Prove to me that uniform continuity on $[0,a]$ and $[a,\infty)$ implies uniform continuity on $[0,\infty)$. This is the missing part of your argument.

It is better, yes. But the proof is not complete and can be streamlined considerably.

What you have above is correct, but unnecessarily wordy. Try something like: "Assume that $f$ is continuous on $[0,\infty)$ and uniformly continuous $[a,\infty)$ for some $0 < a$. Since $f$ is continuous on $[0,\infty)$, it follows that $f$ is continuous on $[0,a]$."

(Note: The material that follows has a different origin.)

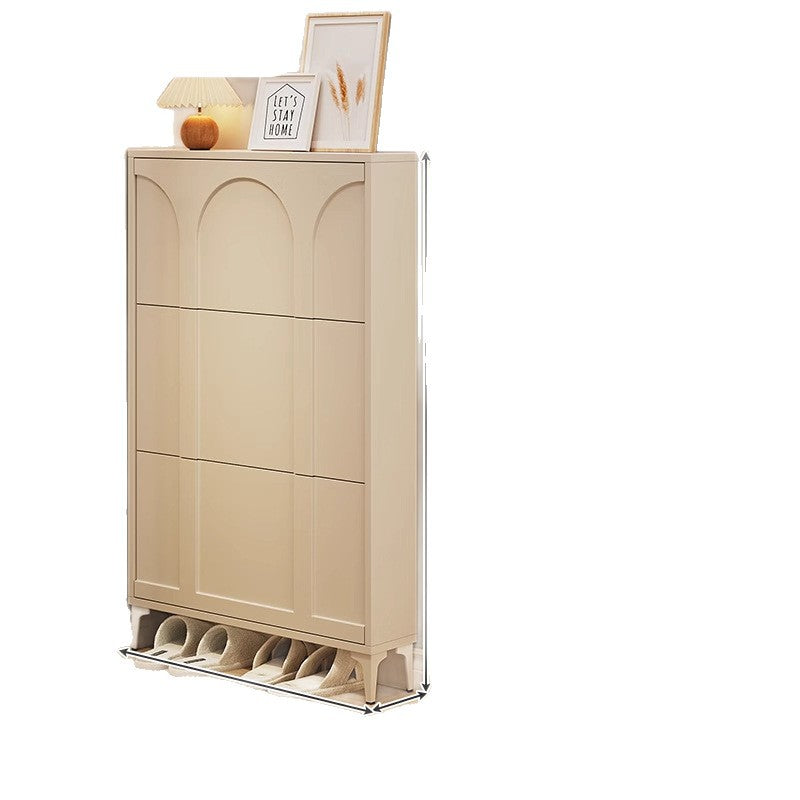 Ultra-thin tipping shoe cabinet cream style for home door small narrow entrance door shoe cabinet space-saving entrance cabinet all-in-one shoe rack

This is certainly true. Just make sure you can assume the result for this proof.

Prove to me that uniform continuity on $[0,a]$ and $[a,\infty)$ implies uniform continuity on $[0,\infty)$. This is the missing part of your argument.
would arguing [o,a+1] is unif cont and [a-1,∞] is unif cont work?

jgens
Gold Member

would arguing [o,a+1] is unif cont and [a-1,∞] is unif cont work?
If you argued that, I would still say your proof is incomplete. And while showing that $f$ is uniformly continuous on $[0,a+1]$ is easy with the work you already have, showing that $f$ is uniformly continuous on $[a-1,\infty)$ is not necessarily possible. For example, what happens if $a = 2^{-1}$ and $f$ is discontinuous on $(-\infty,0)$?

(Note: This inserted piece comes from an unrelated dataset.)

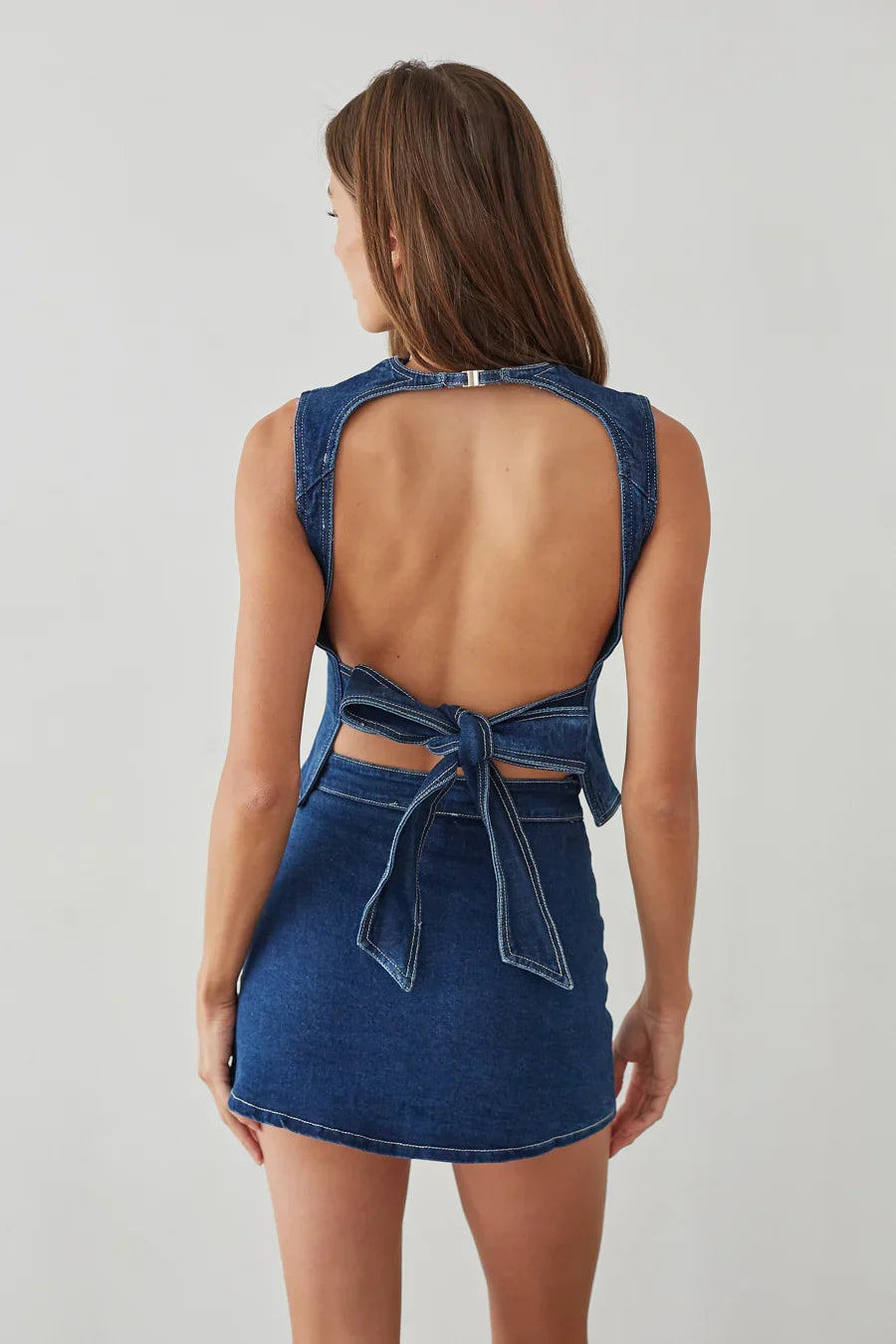 Haut dos ouvert en jean Maggie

To complete the proof, note the following: Fix $0 < \varepsilon$. Since $f$ is uniformly continuous on $[0,a]$ there exists $0 < \delta_1$ such that $|f(x_1)-f(x_2)| < \varepsilon$ whenever $x_1,x_2 \in [0,a]$ satisfy $|x_1-x_2| < \delta_1$. Since $f$ is uniformly continuous on $[a,\infty)$ there exists $0 < \delta_2$ such that $|f(x_1)-f(x_2)| < \varepsilon$ whenever $x_1,x_2 \in [a,\infty)$ satisfy $|x_1-x_2| < \delta_2$. Now can you need to find a $0 < \delta$ which will make $f$ satisfy uniform continuity on $[0,\infty)$?

If you argued that, I would still say your proof is incomplete. And while showing that $f$ is uniformly continuous on $[0,a+1]$ is easy with the work you already have, showing that $f$ is uniformly continuous on $[a-1,\infty)$ is not necessarily possible. For example, what happens if $a = 2^{-1}$ and $f$ is discontinuous on $(-\infty,0)$?

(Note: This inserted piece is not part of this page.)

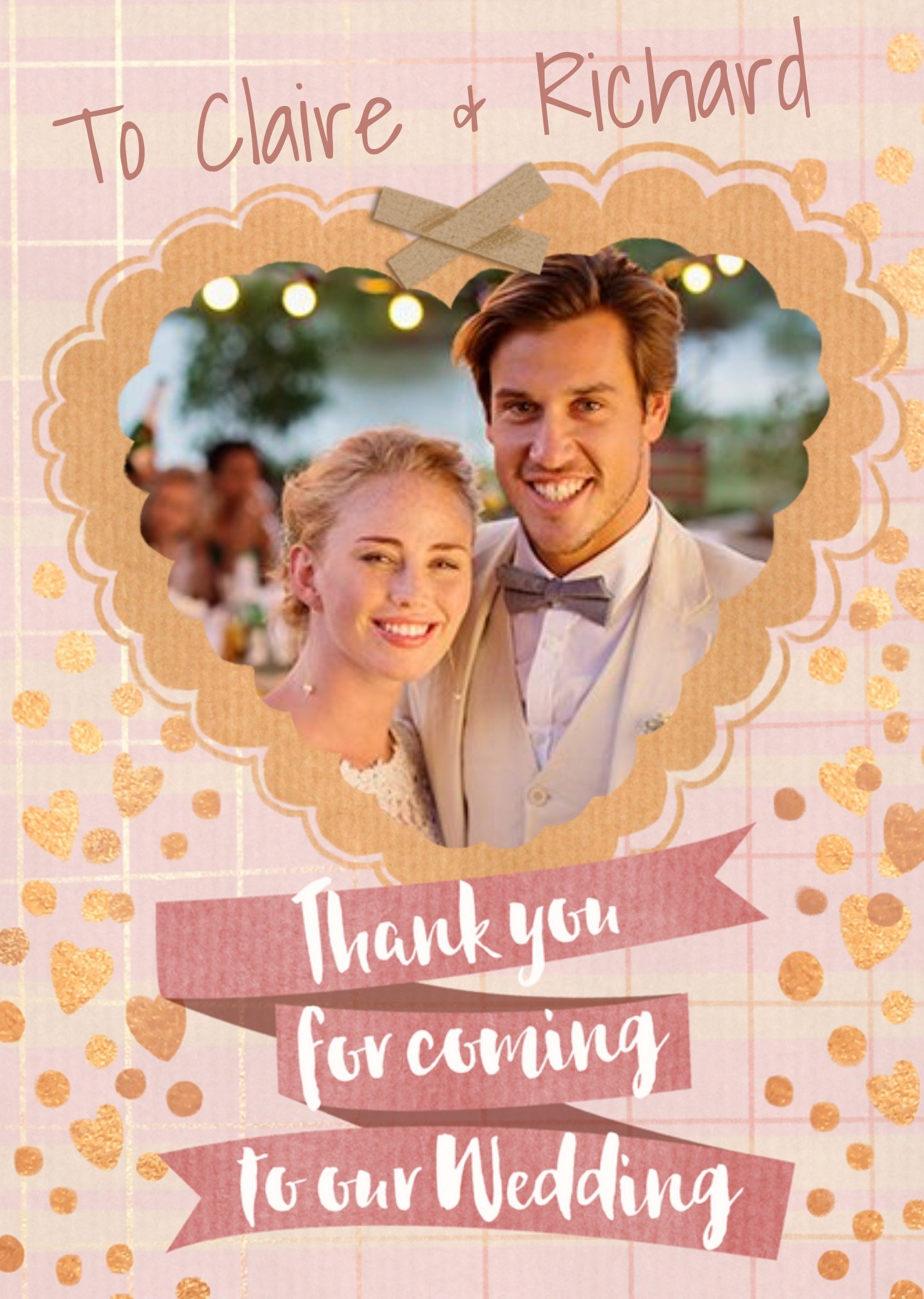 Friends Catherine Worsley Heart Photo Upload Thank You Wedding Card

To complete the proof, note the following: Fix $0 < \varepsilon$. Since $f$ is uniformly continuous on $[0,a]$ there exists $0 < \delta_1$ such that $|f(x_1)-f(x_2)| < \varepsilon$ whenever $x_1,x_2 \in [0,a]$ satisfy $|x_1-x_2| < \delta_1$. Since $f$ is uniformly continuous on $[a,\infty)$ there exists $0 < \delta_2$ such that $|f(x_1)-f(x_2)| < \varepsilon$ whenever $x_1,x_2 \in [a,\infty)$ satisfy $|x_1-x_2| < \delta_2$. Now can you need to find a $0 < \delta$ which will make $f$ satisfy uniform continuity on $[0,\infty)$?

if i make ε/2 = delta then when i combine the two statements to make [0,∞) i would get ε, right?

jgens
Gold Member

if i make ε/2 = delta then when i combine the two statements to make [0,∞) i would get ε, right?
Remember that in this case $\varepsilon$ is fixed. You need to find a $\delta$ which will work for the fixed $\varepsilon$.

if i make ε/2 = delta then when i combine the two statements to make [0,∞) i would get ε, right?
Can i make δ=max(δ12) or add the δ's to signify union. I am really confused with picking a delta independent of ε

jgens
Gold Member

Can i make δ=max(δ12) or add the δ's to signify union. I am really confused with picking a delta independent of ε
Taking the maximum will not work. A good thing to remember with limit type problems is that you typically want to make things smaller. So given the choice of δ1 and δ2, you want to end up with the smaller of the two.

And you are not picking δ independent of ε. We picked δ1 and δ2 based on ε, and now we are picking a δ that will work for ε on [0,∞). I think a big part of your confusion is that you are thinking of δ as a function of ε. I am going to discourage you from thinking this way. While it is true that δ is related to ε (in particular, once ε is fixed there is a limited set of values from which δ can be chosen), it is not true that there is only one δ that works for a given ε. So if we have fixed 0 < ε and found 0 < δ that works with ε, then for each n in N it follows that δn = n-1δ also works with ε.